Each entry is to be retyped exactly as it appears, and each image is to be dropped.
==*==
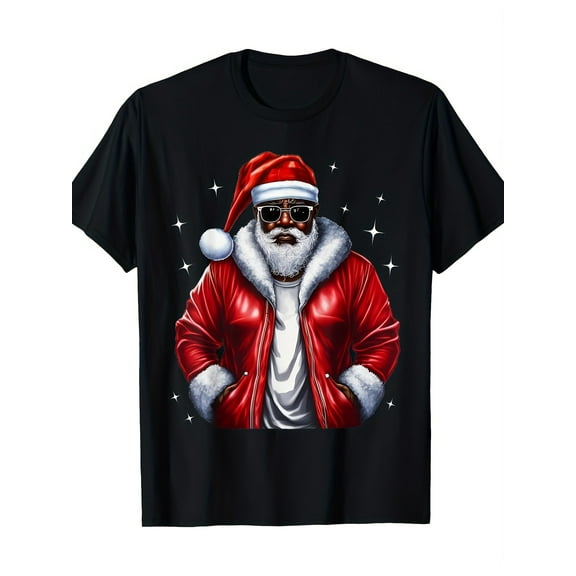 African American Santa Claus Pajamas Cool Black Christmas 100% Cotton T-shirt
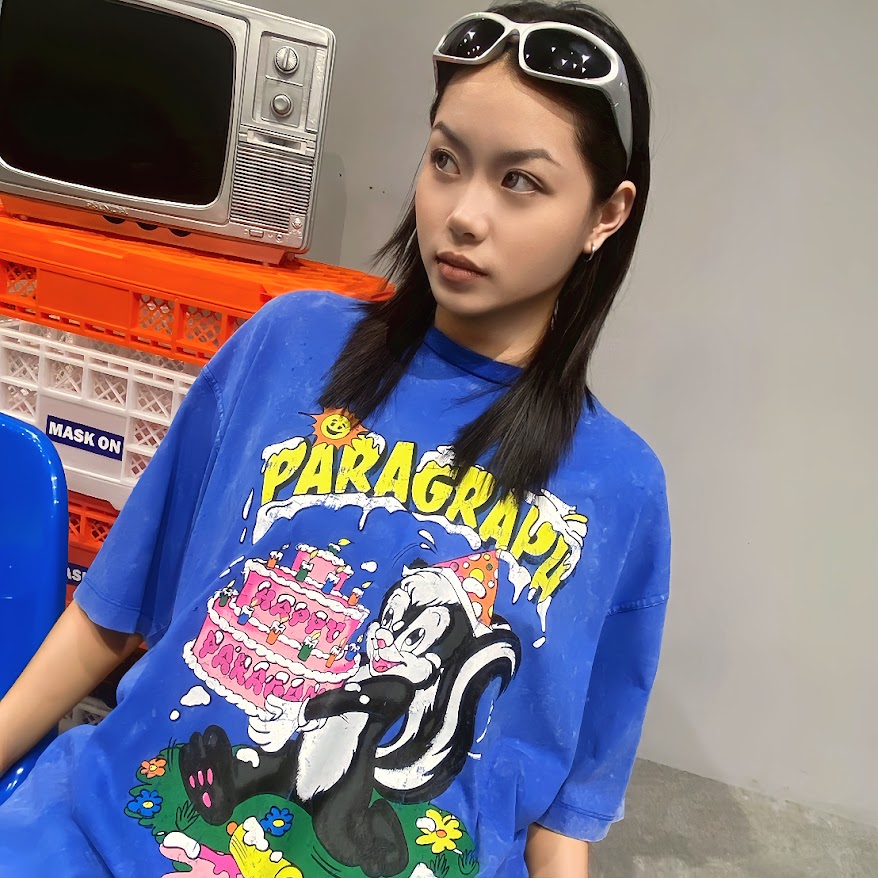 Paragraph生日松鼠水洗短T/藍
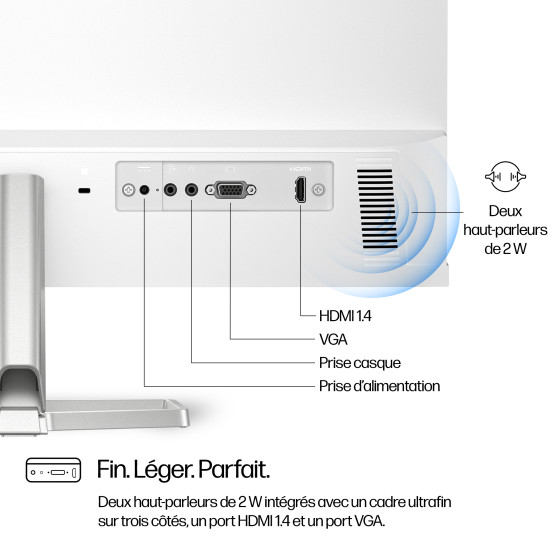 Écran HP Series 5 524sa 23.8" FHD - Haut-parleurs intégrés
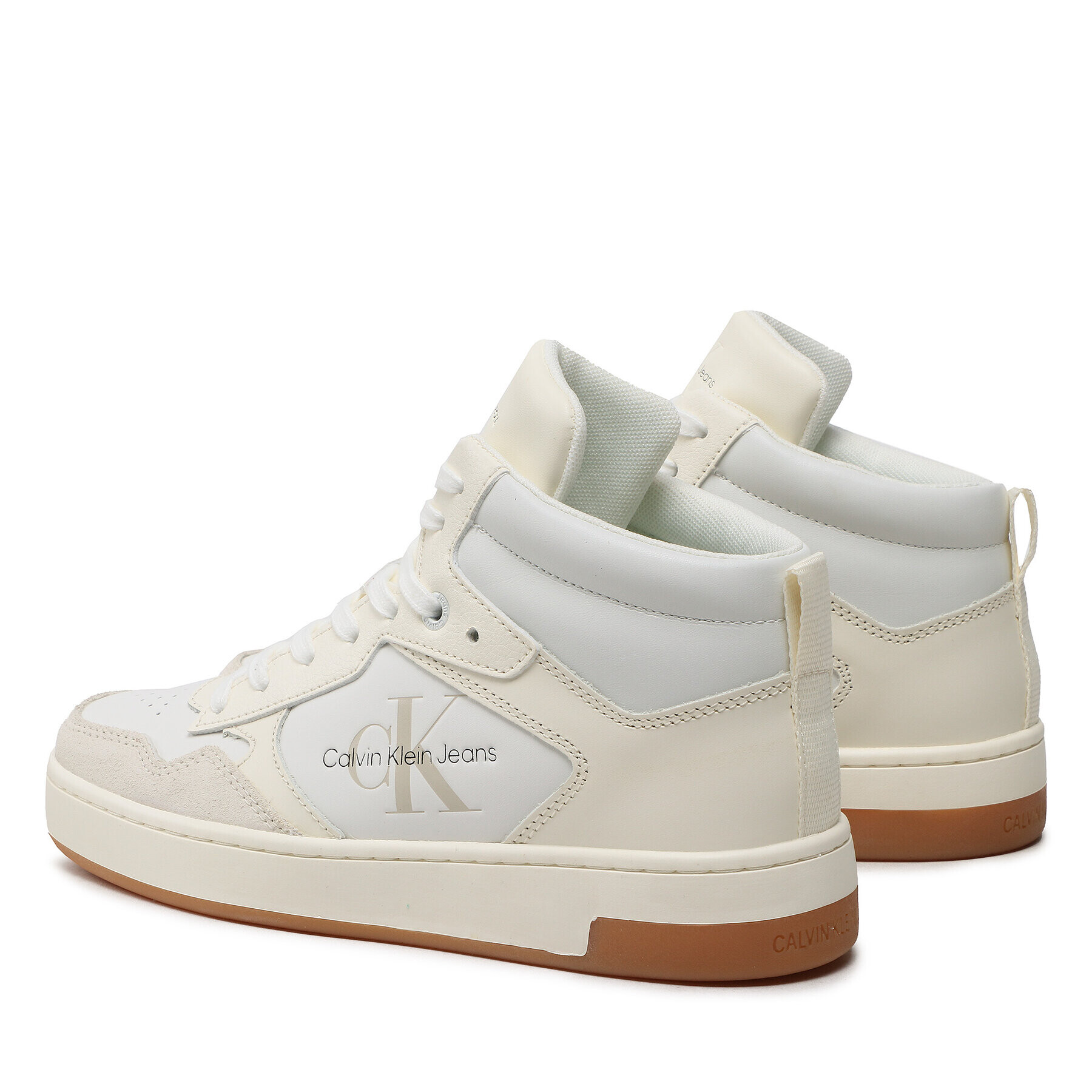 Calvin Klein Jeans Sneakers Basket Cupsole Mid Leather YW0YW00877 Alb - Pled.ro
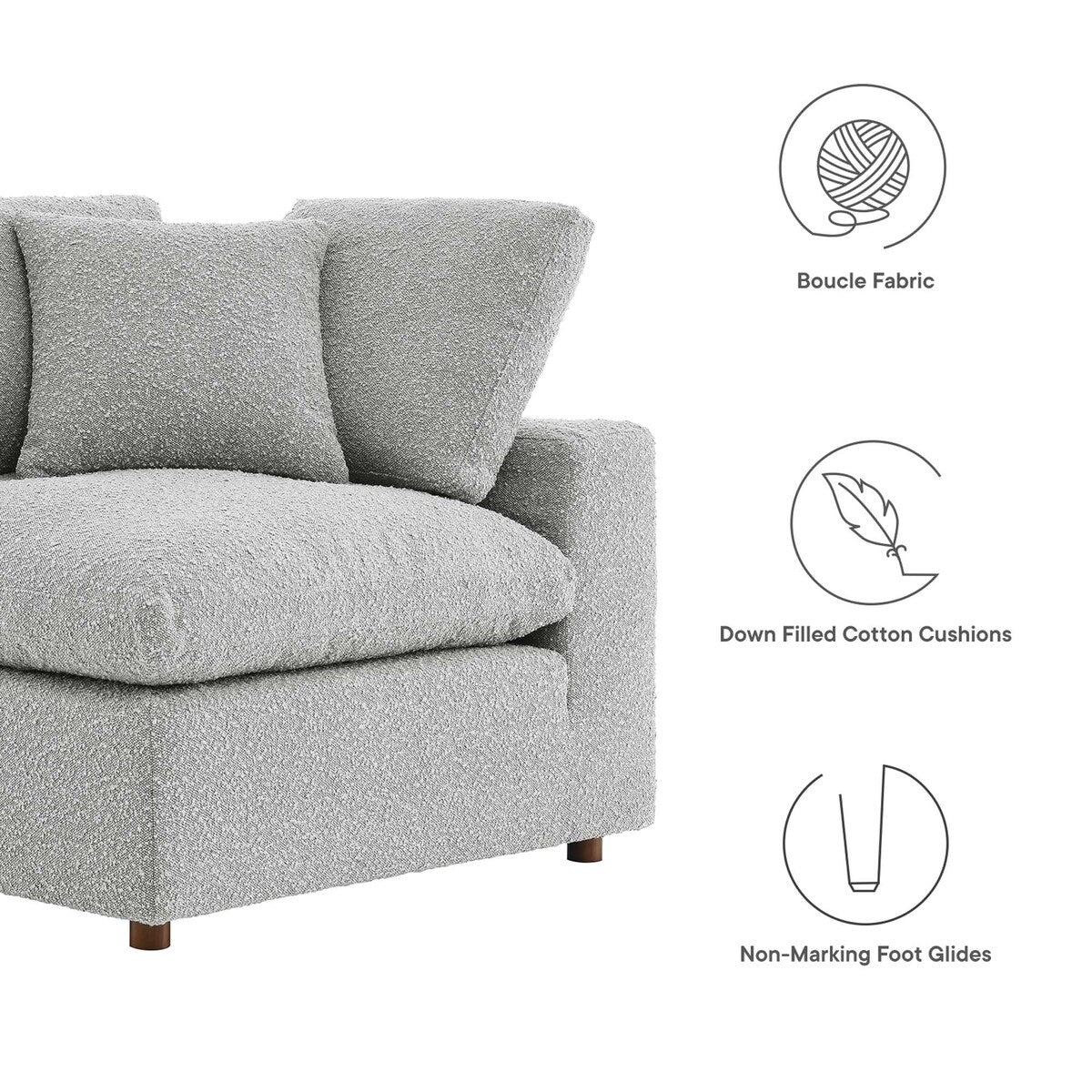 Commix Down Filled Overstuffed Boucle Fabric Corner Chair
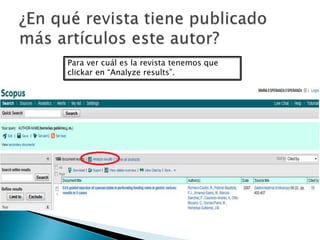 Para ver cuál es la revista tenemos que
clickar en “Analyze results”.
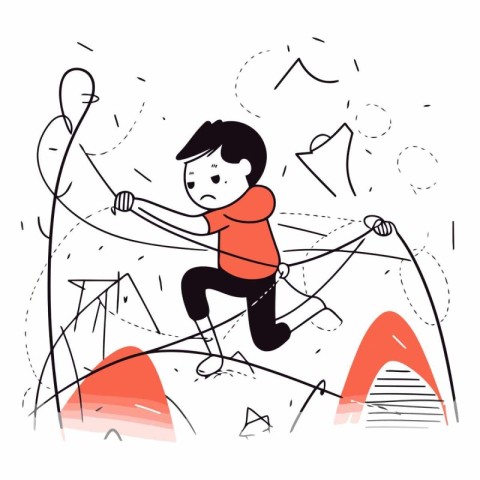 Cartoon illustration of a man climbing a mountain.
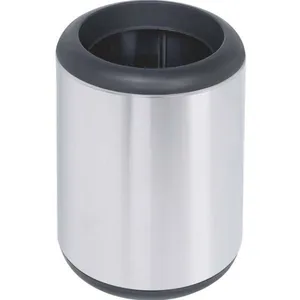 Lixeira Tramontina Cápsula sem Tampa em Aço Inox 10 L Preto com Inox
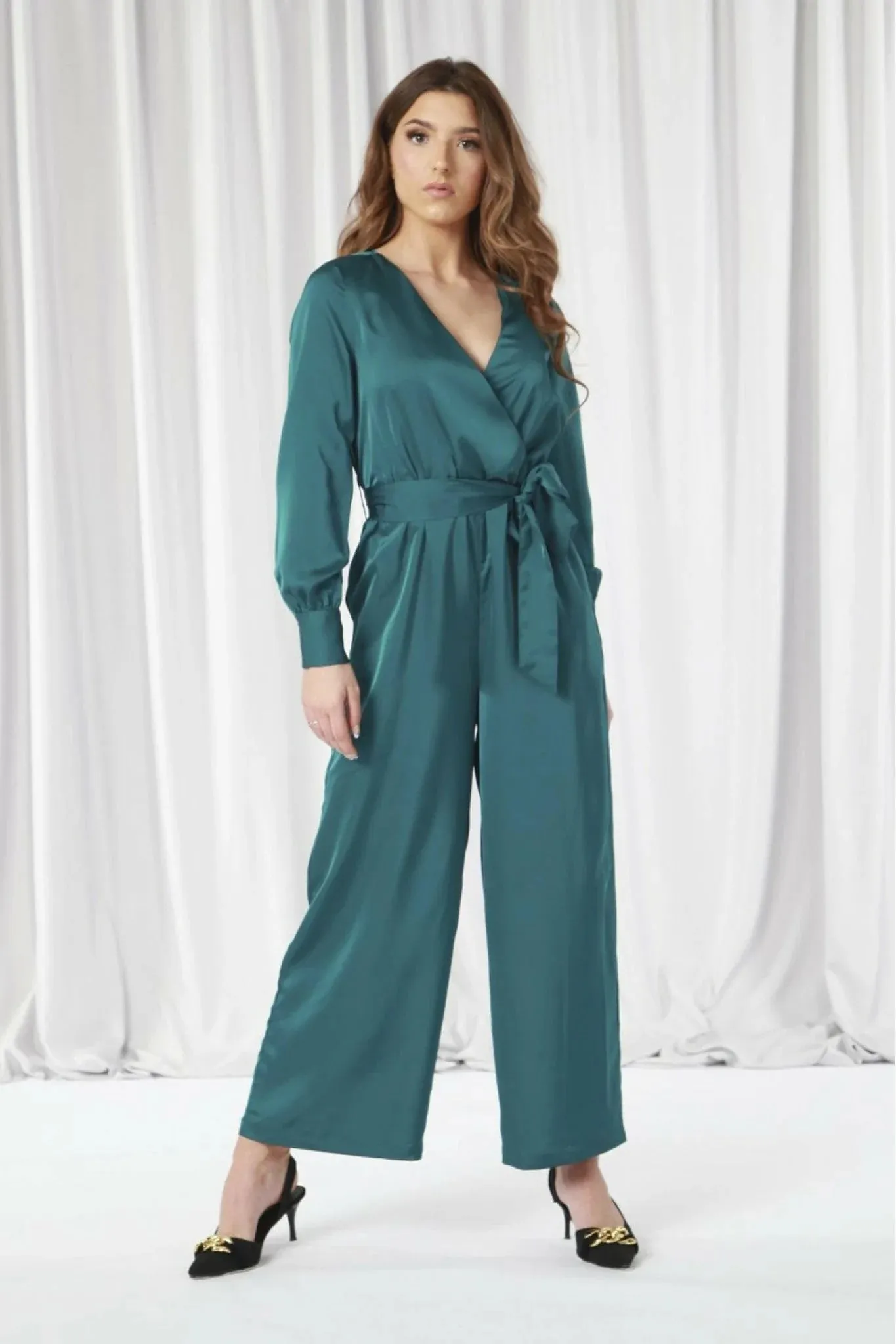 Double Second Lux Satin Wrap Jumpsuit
==*==
### Result for this task
 African American Santa Claus Pajamas Cool Black Christmas 100% Cotton T-shirt
 Paragraph生日松鼠水洗短T/藍
 Écran HP Series 5 524sa 23.8" FHD - Haut-parleurs intégrés
 Calvin Klein Jeans Sneakers Basket Cupsole Mid Leather YW0YW00877 Alb - Pled.ro
 Commix Down Filled Overstuffed Boucle Fabric Corner Chair
 Para ver cuál es la revista tenemos que
clickar en “Analyze results”.
 Cartoon illustration of a man climbing a mountain.
 Lixeira Tramontina Cápsula sem Tampa em Aço Inox 10 L Preto com Inox
 Double Second Lux Satin Wrap Jumpsuit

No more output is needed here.